Description
The story is told of a judge presiding at a court in the poorest section of a city.
It was a bitterly cold night during the hardest years of the Great Depression. A haggard, shabbily dressed old woman was brought before the judge. Charged with having stolen a loaf of bread, she made no attempt to deny the charges. Her daughter’s husband had abandoned the family, she said. Her daughter was sick, and her two grandchildren were starving. However, the victimized shopkeeper refused to drop the charges. He felt he needed to set an example for a bad neighborhood.
The judge let out a deep sigh. Looking at the woman, he told her the law left him no alternative. She was guilty, and the penalty was ten dollars (an impossible amount for the woman) or ten days in jail. But, as he pronounced her sentence, he pulled out a ten dollar bill and gave it to the bailiff to pay her fine. Then, with a bang of his gavel, he declared that he was fining everyone in the courtroom fifty cents for living in a city where a poor woman had to steal bread to feed her starving family. Within minutes, the overwhelmed woman left the courtroom carrying $47.50—collected from petty criminals, traffic violators, on duty police officers, and even the irate grocer!
When we hear the word grace, we may think of the judge’s actions.
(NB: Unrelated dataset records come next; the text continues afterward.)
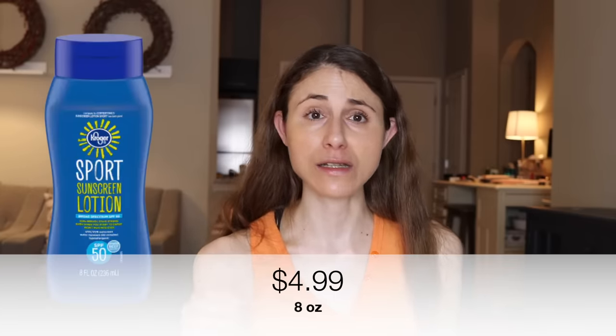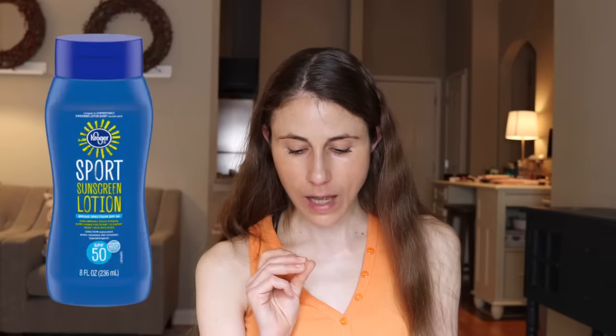The first is the Kroger Sport Broad Spectrum Lotion SPF 50 — a chemical sunscreen for $4.99 for eight ounces. It absorbs very quickly, it's not greasy, and it's not stinky. I think it's a dupe for either a Coppertone or Banana Boat sunscreen. It does have fragrance, but it isn't headache-inducing. I've personally used this a lot as a body sunscreen for days when I'm running errands or outside wearing shorts. It is water resistant, so it holds up well between reapplications. Note: it does sting around the eyes.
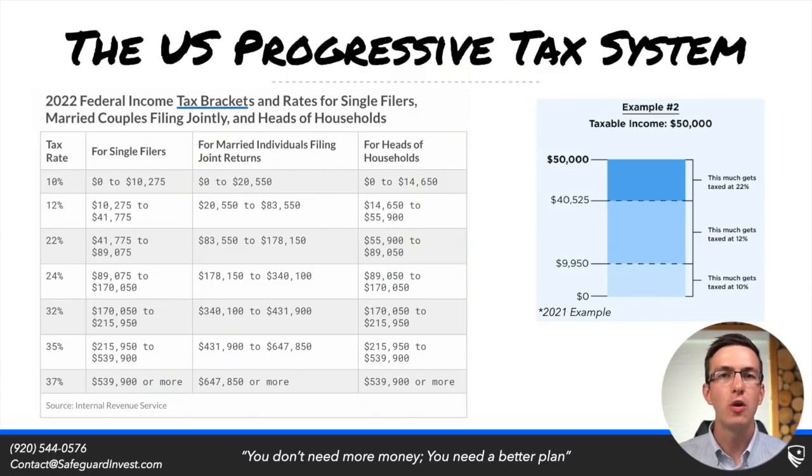Before we start to analyze whether a mega Roth conversion makes sense, it's first important to understand that the U.S. is underneath what's called a progressive tax system. This means that the more income that you show, the higher your marginal tax rate will be.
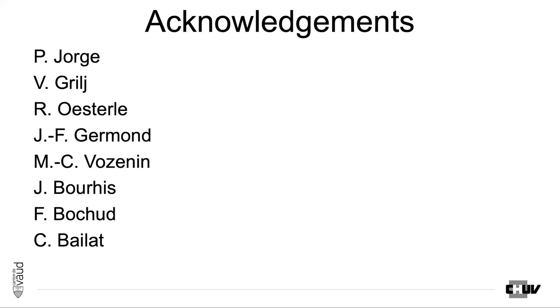Acknowledgements go to Patrick Georges, Véhico Grille, and Roxane Oestole, who performed a great number of measurements for this commissioning. Thank you.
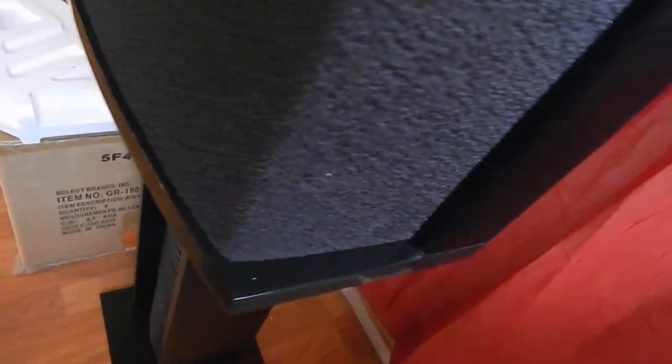These stands I have them sitting on are just some stands I had laying around just to get them off the floor for a demonstration. These things are just, like, awesome. Just gorgeous.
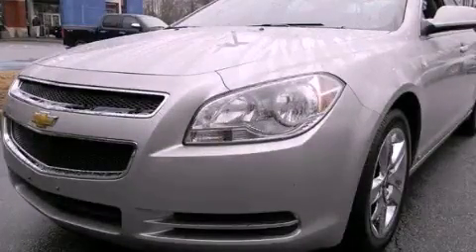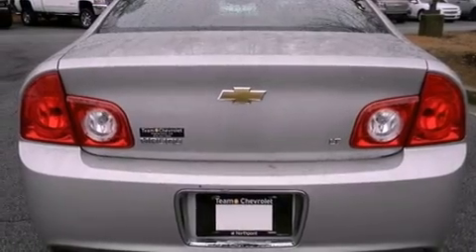This is a 2008 Chevrolet Malibu. It features a 2.4-liter 4-cylinder engine and a 4-speed automatic transmission.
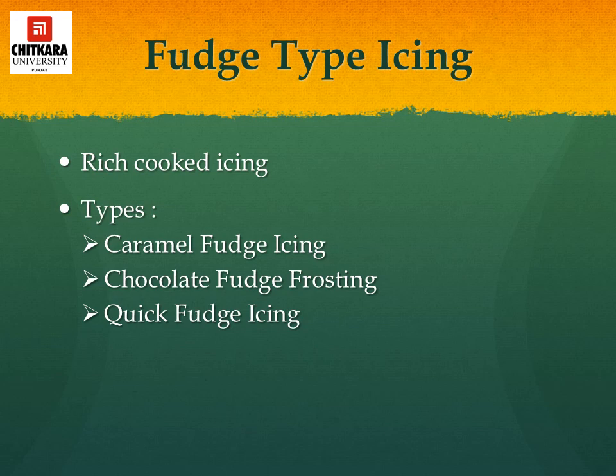Fudge type icing are rich, cooked icings — heavy and thick, flavored by a variety of ingredients. They are used on cupcakes, layer cakes, loaf cakes, sheet cakes, etc. To store fudge icing, cover properly with cling film and keep in an airtight container in the refrigerator. To use stored fudge icing, warm it in a double boiler until soft enough to spread. They are stable frostings that hold their shape on cakes and cupcakes. The various types are caramel fudge icing, chocolate fudge frosting, and quick fudge icing.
Or we may picture attributes of elegance, charm, or beauty. But when Christians talk about “grace,” they mean something much more significant. God is completely holy and without sin, and He requires that we also be holy. However, we are all sinners and can never meet His perfect standard. But God is a God of grace and that changes everything.
God sent His Son Jesus—who is without sin—to pay the debt for our sin. Because He died and rose again, people who deserve God’s penalty for their wrongdoing can receive the very opposite—forgiveness and life that never ends. All who accept Jesus’s payment for sin are declared perfect and holy and can now enter into a relationship with God.
The Bible says it simply: “You know the grace of our Lord Jesus Christ, that though he was rich, yet for your sake he became poor, so that you by his poverty might become rich” (2 Corinthians 8:9). The Lord Jesus, God’s eternal Son, was rich beyond imagining. Yet He willingly left heaven and set aside the privileges that were rightfully His to embrace the poverty of our humanity. As a man, He lived as an ordinary working person, surrounded by poverty and suffering. Most of all, He died a cruel, violent, unjust death at the hands of evil people. Nothing was further from the wealth of heaven than His ugly death on the cross.
Yet that painful death was the very reason He came from heaven to earth. By His death, He paid the penalty of human sins. He was not a helpless victim. He died in the place of all who would put their faith and trust in Him. That His death was no ordinary one was confirmed by His triumphant resurrection. That is how we become rich through His poverty. Through His death, those who believe are fully and freely forgiven, brought into the family of God, and blessed with countless spiritual blessings.
In most cases the world works on a very simple principle: “I worked for it; I earned it; I deserve it.” But the grace of God is something radically different. We can’t do enough to earn God’s favor, not because He is hard to please, but because our sins always bring us short of God’s holy standard. Grace is God taking the initiative to solve the problem. It comes as an amazingly personal gift. It isn’t an impersonal force or a commodity He dispenses. Grace is God giving Himself because of who He is, not because of who we are, and despite what we’ve done. He is under no obligation to treat us with grace. Yet He does. What we cannot deserve or earn, we can receive because He gives freely and fully through His Son, Jesus Christ.